How to Enjoy Aquariums 10 Times More

Category: Know How

The number of visitors to aquariums increases in the summer.
You can enjoy aquariums ten times more than usual if you keep in mind the key points when viewing aquariums.
Let us show you how to do this.

  1. Observe fish by thinking about what kind of places they live in the ocean.
    When aquariums are crowded, you may see the tank you want to see from the back instead of the front.
    At such times, observe fish swimming above you.
    Fish that normally do not swim above the tank may be surprised by visitors and swim above the tank.

(Points to keep in mind when looking)
Look at the belly of fish swimming above and see if it has suckers.
Fish with suckers are those that live on the bottom of the ocean. (Conger eel, flathead, etc.).

Imagine what the cross-section would look like if you cut the body of a fish in two at the belly.
If the cut is rounded, it means that the fish lives close to the surface of the sea (yellowtail, tuna, etc.).
Fish with a flat cut end are those that live in the middle part of the ocean. (Japanese sardine, Japanese horse mackerel, etc.)
If you can observe the fish in front of water tanks, check to see if they match what you have observed.

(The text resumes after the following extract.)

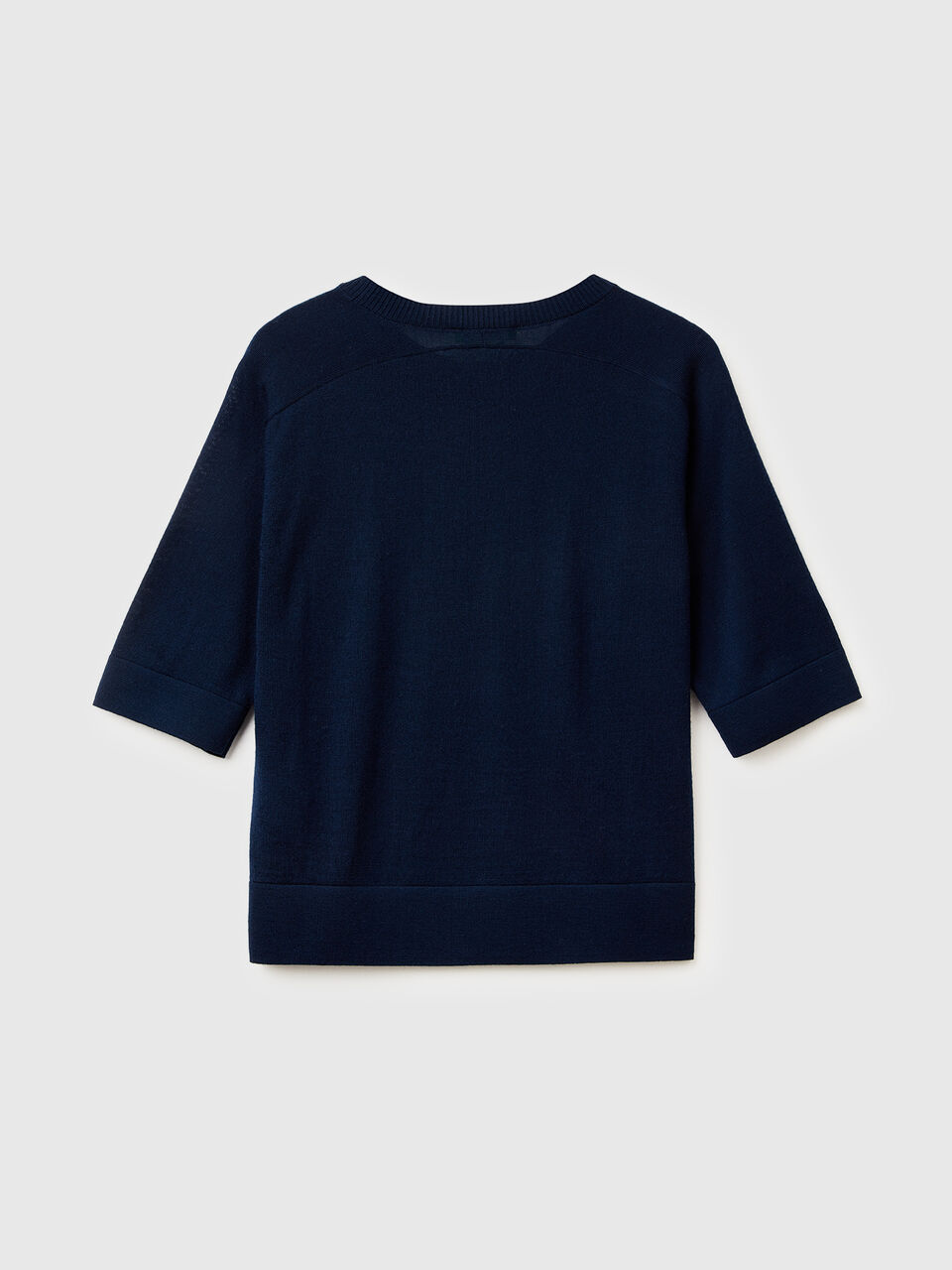 SWEATER Women image number null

2, Observe the environment of water tanks where the fish live.
Fish in large water tanks, such as a pool without rocky areas, are large fish.
Let’s see what kind of food they eat.
Some of these fish eat seaweed.
There is a wide variety of fish in rocky water tanks.
Let’s take a look at what kinds of fish you can find.

3, Observe how fast they swim and how they swim.
Fish need to move fast when they are escaping from enemies or chasing prey.
If you see fish swimming faster than other fish in aquariums, try to figure out why.
Also, fish cannot swim backward.
When fish move, see if they move forward or sideways.

4, Observe long fish and flat fish.
Long fish have that long shape in order to hide.
Some fish dig holes in the sand to hide, while others hide in rocks. (Conger eel, moray eel, etc.)
Then, they put out only their heads.
Some long fish have slippery body surfaces.
Such fish can easily escape from enemies by being slippery, or they can defend themselves by wrapping their long bodies around their enemies.
Flatfish hide in the sand, showing only their eyes. (Flatfish, flathead flounder, and flathead, etc.)
Among flat fish, large fish like the ocean sunfish can scare opponents.
When they are babies, the ocean sunfish also protect themselves by hiding in rocks.
Smaller fish, such as the filefish, do not threaten other fishes as the larger ones do, but they do have horns on their heads and thick skin on the surface of their bodies.
All of these are ways for each fish to survive.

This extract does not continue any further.